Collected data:
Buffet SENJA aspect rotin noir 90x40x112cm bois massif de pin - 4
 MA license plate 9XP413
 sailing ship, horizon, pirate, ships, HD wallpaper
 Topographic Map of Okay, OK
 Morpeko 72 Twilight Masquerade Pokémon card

How to complete this task: Exactly the lines from the one that holds "sailing ship, horizon, pirate, ships, HD" through the final line of the records above should be written out, and only those.

Answer box:
 sailing ship, horizon, pirate, ships, HD wallpaper
 Topographic Map of Okay, OK
 Morpeko 72 Twilight Masquerade Pokémon card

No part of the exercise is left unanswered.